ReadPaper Blog
ARCANE: Do Role-Playing Language Agents Stay in Character at the Right Time?
ARCANE studies whether role-playing language agents can portray characters whose values and behavior change across a narrative, rather than merely preserving a fixed persona or recalling chapter-specific facts. The paper introduces Arc-Aware Narrative Evaluation, a benchmark built from Character Arcs and phase-specific probes across 17 novels and 80 principal characters, and shows that conditioning models on explicit character-arc context improves responses, especially for scenarios not present in the source text.
Source: ARCANE: Do Role-Playing Language Agents Stay in Character at the Right Time?

The Problem: A Character Isn’t Frozen
The paper argues that role-playing language agents should be evaluated as temporally situated portrayals of evolving characters, not as static persona machines. Its central problem is that a character’s beliefs, values, and behavioral tendencies can shift substantially as events accumulate across a novel, so a response that is faithful at one chapter may be wrong at another. The authors frame this as a gap between factual point-in-time grounding and psychological point-in-time grounding: an agent must not only know what the character knows, but also act from the character’s current state. Novels are chosen as the testbed because they provide long-form temporal structure, explicit events, and rich descriptions of internal change. The paper’s motivating claim is that authentic role-play requires alignment with a character’s narrative trajectory, because immersion depends on behavior that fits the right moment in the story.

The Gap: Facts Are Not the Whole Story
ARCANE positions itself against prior role-playing benchmarks that mainly test trait inventories, factual recall, surface style, or general behavioral consistency. The paper notes that TimeCHARA and related point-in-time evaluations focus on whether a character knows facts appropriate to a chapter, while ARCANE asks whether the character would behave appropriately at that chapter. This distinction matters because a model can avoid spoilers and still produce a psychologically misplaced response, such as applying a late-story moral outlook to an early-story version of the same character. The paper also emphasizes scenarios beyond the source text, where retrieval from the novel cannot simply locate an answer. By evaluating open-ended behavior in both in-narrative and out-of-narrative situations, ARCANE targets character-behavioral hallucination rather than knowledge hallucination alone.

ARCANE’s Core Idea
The paper’s method has two main components: Character Arc Construction and Probe Generation. A Character Arc represents a psychological axis along which a character changes, with phases defined by chapter ranges, state descriptions, and key events that anchor the transition from an initial state to a later state. Each probe then poses the same scenario-question pair at different phases of the arc and supplies phase-specific reference actions and thoughts. This design makes the evaluation comparative: the correct behavior is not a single timeless answer, but a response that changes with the character’s evolving psychological state. The paper connects this approach to McAdams’ account of personality by moving beyond stable Layer 1 traits toward Layer 2 expressions of traits at the right moment.

What the Dataset Contains
The ARCANE benchmark is automatically constructed over 17 novels and 80 principal characters, producing 544 Character Arcs and 4,601 probes.

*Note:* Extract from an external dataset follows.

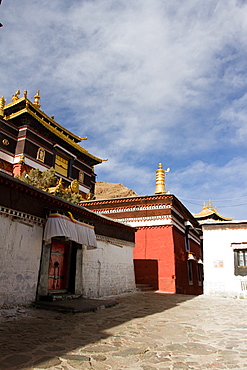 Temple of Tashi Lhunpo Monastery, Shigatse, Tibet, China, Asia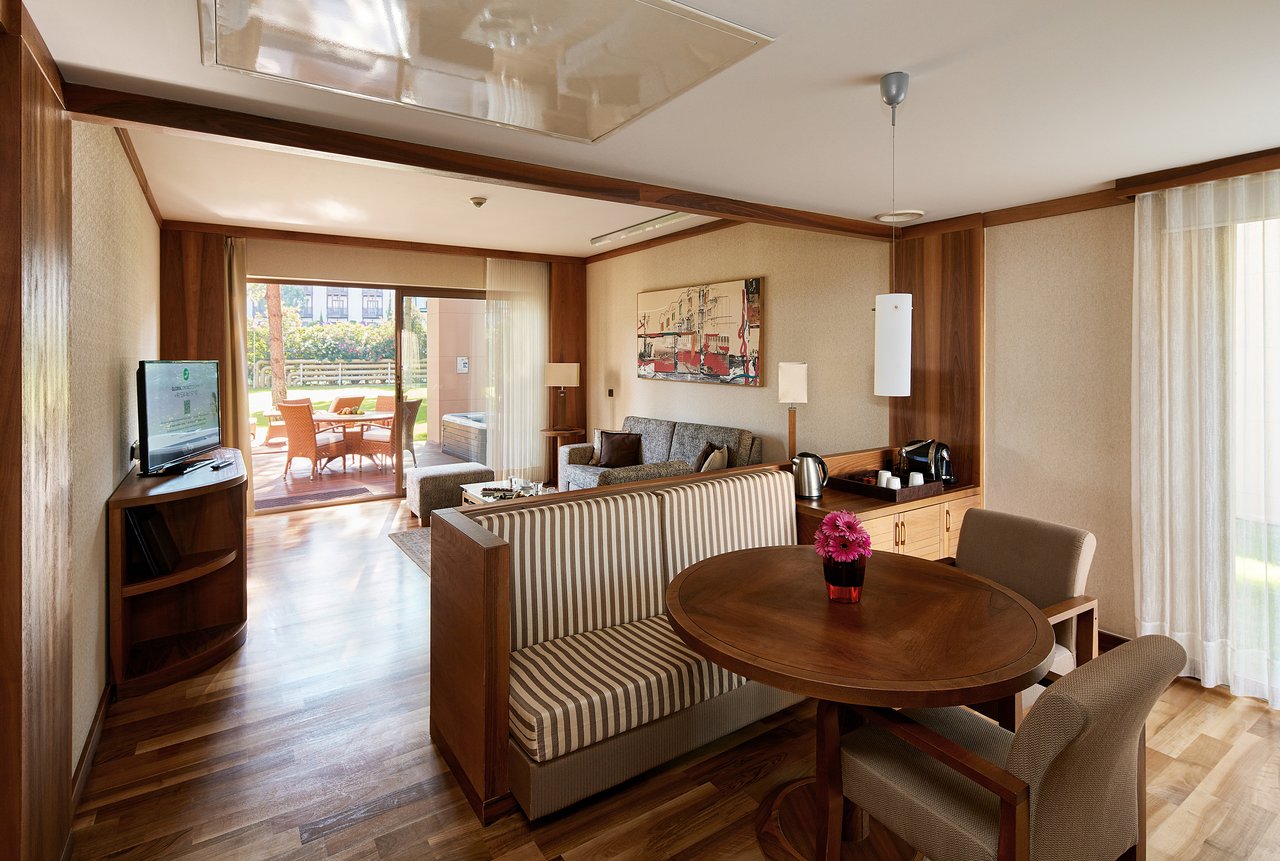 cheap resort hotels to Spend holiday with family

The dataset includes both source-grounded scenarios and out-of-world scenarios, reflecting the paper’s claim that users often want to explore how a character would respond to new situations rather than merely reproduce events from the book. The construction process creates training and evaluation splits, with the evaluation set built after the underlying Character Arcs are reviewed and updated through consensus by three independent human annotators. This design gives ARCANE both scale and temporal specificity, because each item is tied to a particular phase of a particular psychological arc. The paper presents the benchmark as a way to test whether role-playing language agents can generalize from narrative development to plausible, phase-appropriate behavior.

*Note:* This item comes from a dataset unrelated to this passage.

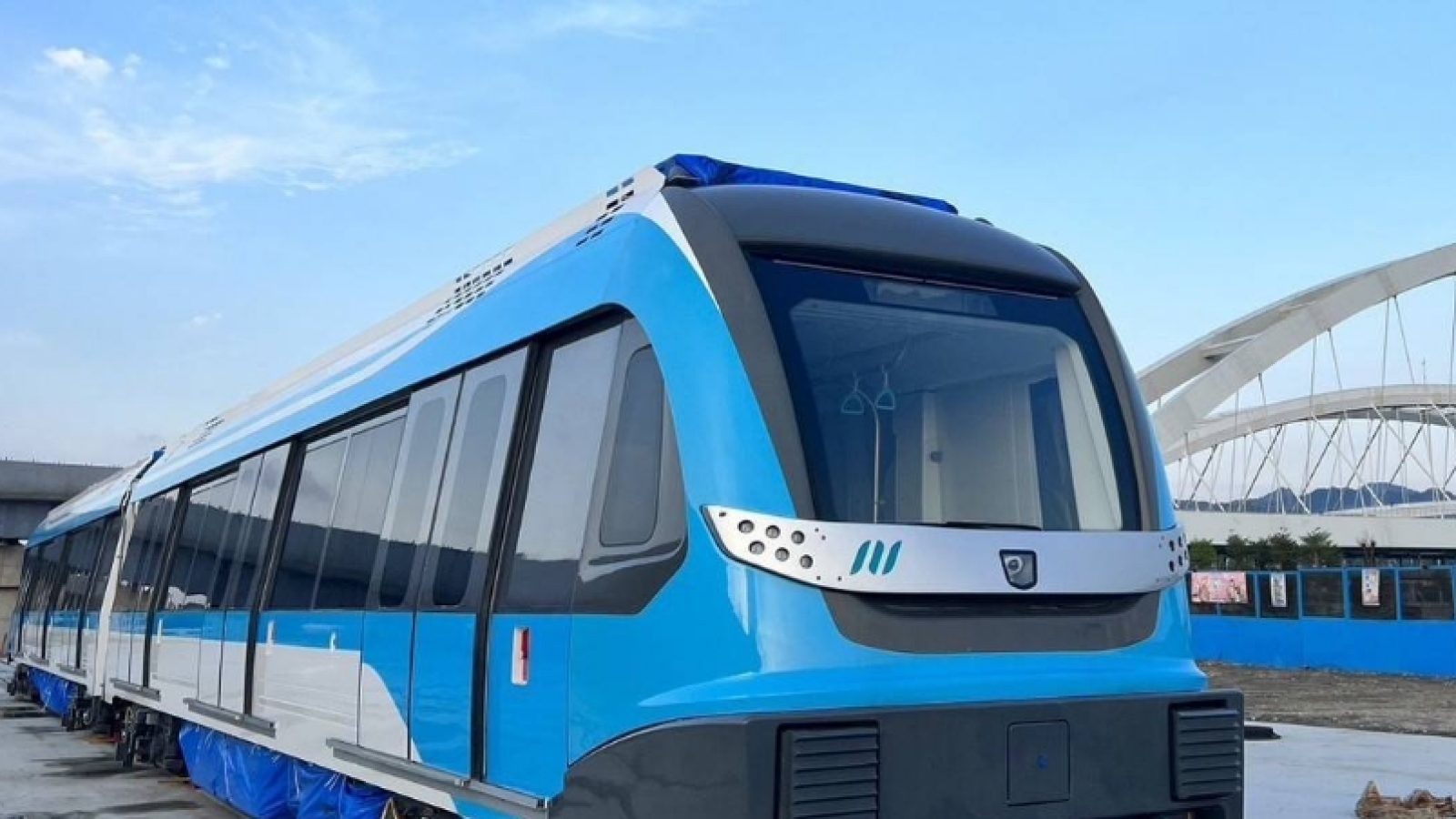 三鶯首列車進駐三峽機廠（圖／翻攝自新北捷運局臉書）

Why Arc-Based Context Wins
The experiments compare context strategies across six models and six context modes, with the main question being which kind of narrative context best grounds a role-playing agent at the queried phase. The paper reports that conditioning on the Character Arc outperforms every other context strategy on every model, indicating that explicit arc-level psychological summaries are more useful than context that only retrieves local textual evidence. The advantage is largest for scenarios outside the source text, where retrieval-based approaches have little relevant material to find but an arc still states the character’s current psychological position. The authors also fine-tune open-weight models on ARCANE’s training data to produce ARCANE-8B and ARCANE-32B, and these models further widen the arc-grounding advantage, particularly beyond the source text. The result implies that future role-playing systems should represent narrative change directly, because temporal psychological grounding improves character portrayal in situations where factual recall is insufficient.